The remaining revenue on the consumption of foreign articles, is paid cheerfully by those who can afford to add foreign luxuries to domestic comforts, being collected on our seaboards and frontiers only, and incorporated with the transactions of our mercantile citizens, it may be the pleasure and pride of an American to ask, what farmer, what mechanic, what laborer, ever sees a tax-gatherer of the United States? These contributions enable us to support the current expenses of the government…
2nd Inaugural Address, March 4, 1805

Patrick Lee’s Explanation
Self-limiting leaders restrict taxation to those who can afford it.
The previous post detailed Jefferson’s efforts to reduce the size of government and the taxes necessary to support it. Those were internal taxes, ones imposed on everyday people and things.  Those everyday people could now delight in asking, “what farmer, what mechanic, what laborer, ever sees a tax-gatherer of the United States?”

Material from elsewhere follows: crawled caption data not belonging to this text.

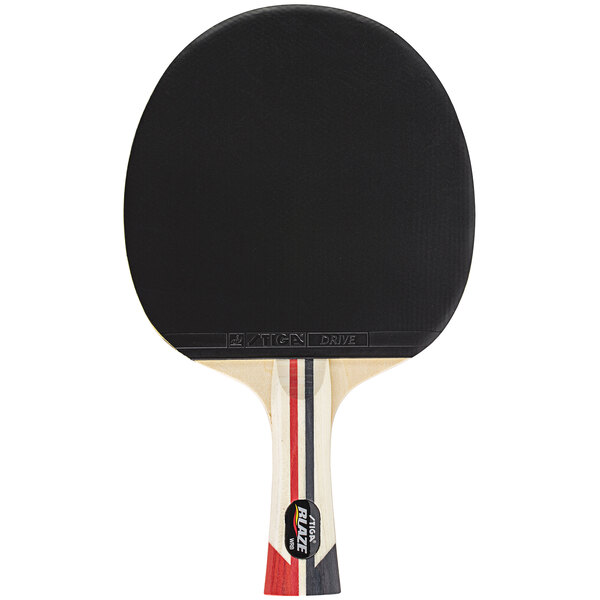 A black Stiga table tennis racket with red and white stripes.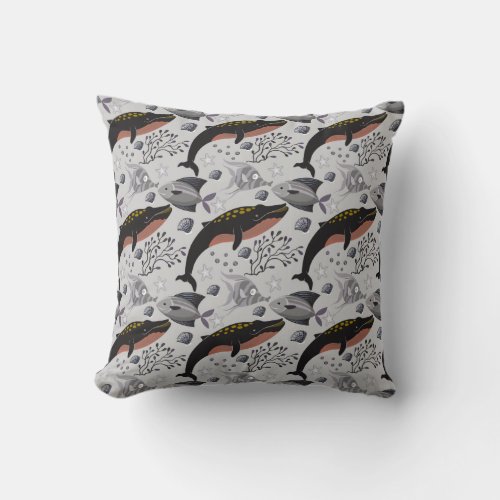 Aquatic animals pattern  ocean underwater life 22 throw pillow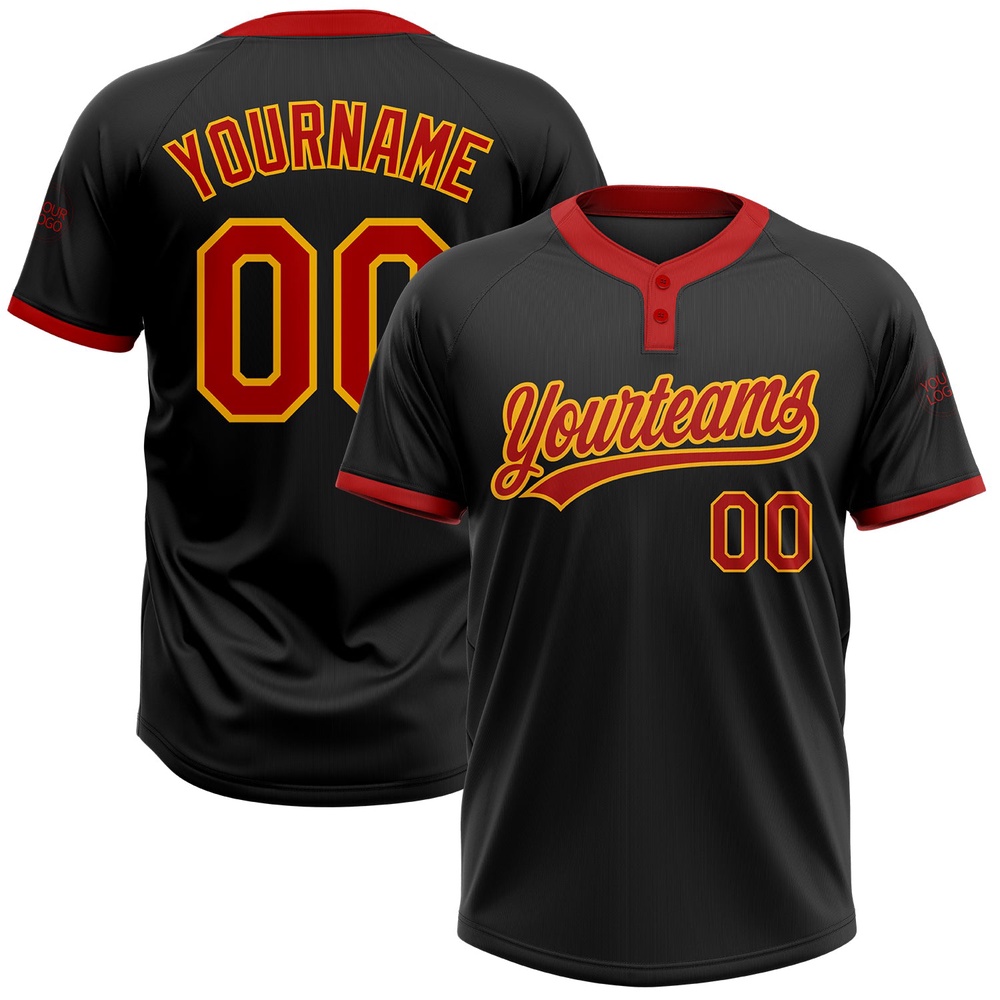 Black Red Gold Two Button Unisex Softball Jersey, Custom Team Softball Jersey Black Red Gold Two Button Unisex Softball Jersey, Custom Team Softball Jersey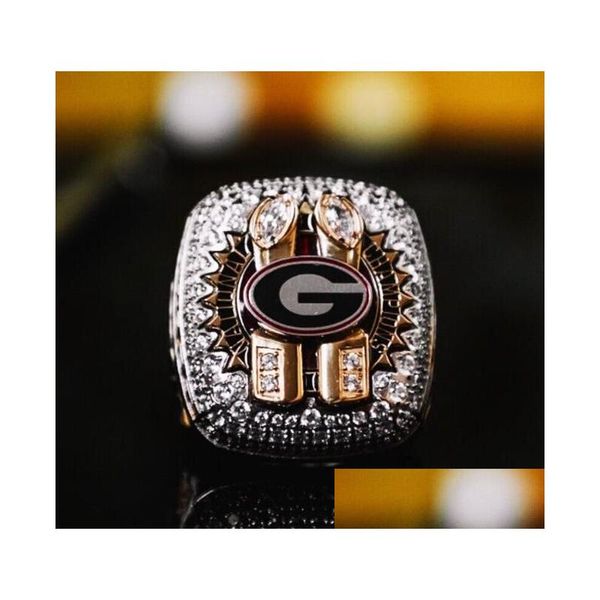 Mit Seitensteinen 2022 2023 Geor Bldogs National Team Champions Championship Ring Mit Holzdisplay Box Souvenir Ncaa Männer Fan Geschenk W Dh4Dj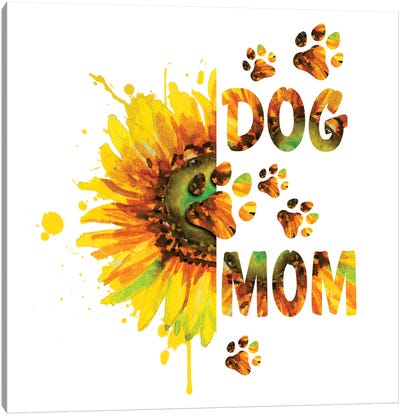Sunflower Dog Mom Canvas Art Print - Ephrazy Graphics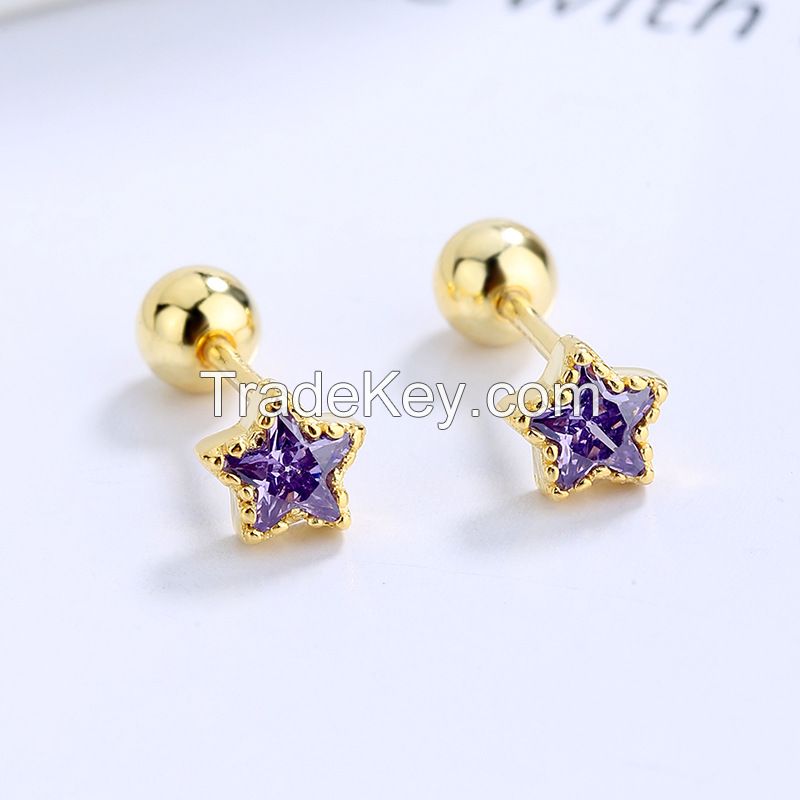 cz star earrings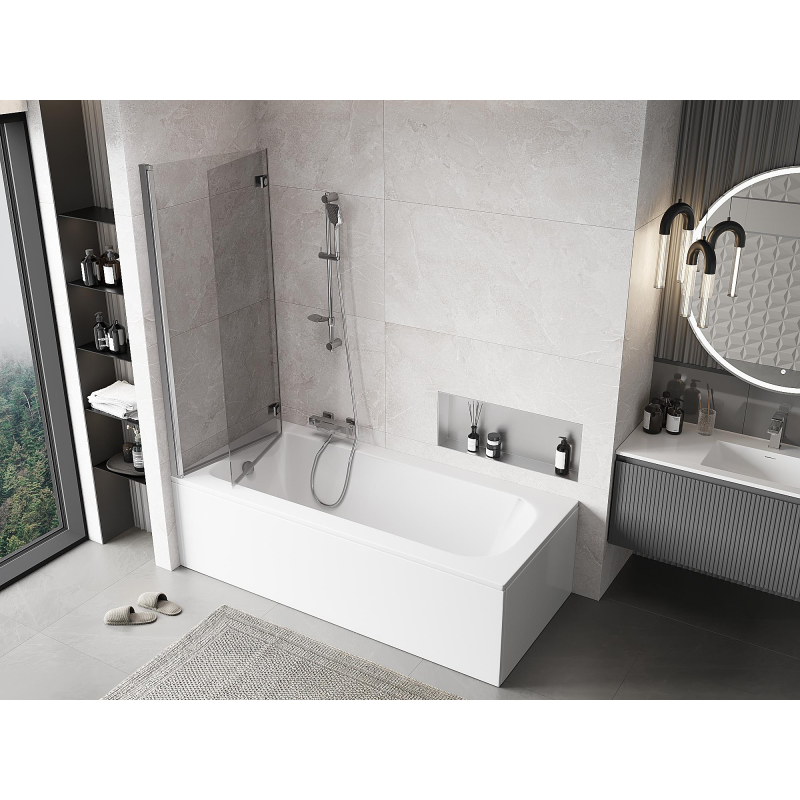 Mexen Mist vanová zástěna 2dílná levá 130 x 150 cm, transparentní, chrom - 8A9-130-002-01-00-L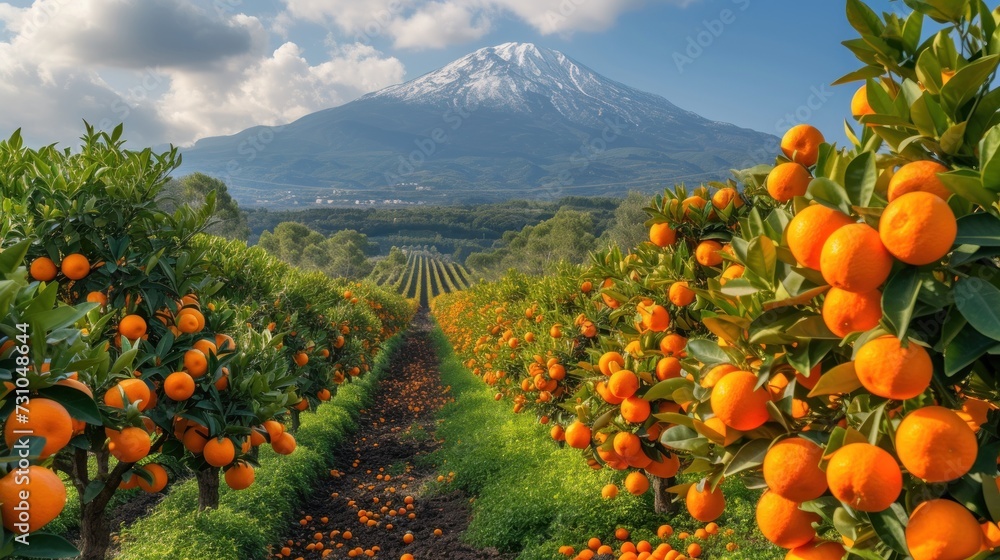 Aufkleber a field full of oranges with a mountain in the backgrouf of the picture in the background.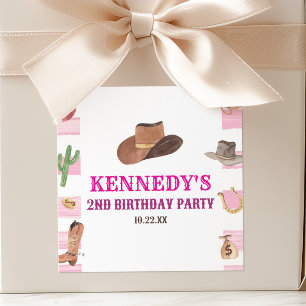 Rodeo Cowgirl Western Wild West Birthday Party Square Sticker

On what, then, was tax imposed?  On “the consumption of foreign articles,” i.e. imports.
On whom was the tax imposed? On “those who can afford to add foreign luxuries to domestic comforts,” i.e. the middle class, the wealthy, those who had money to spend on extras.
That limited taxation to edges of the country, the sea coast and the frontier. The tax was collected by merchants as they sold the goods.

He went on to write that any surplus was to be applied “to our public debts.” Once the debt was paid, he suggested that a Constitutional amendment to allow sharing federal funds with the states for the purposes of “rivers, canals, roads, arts, manufactures, education, and other great objects within each state.”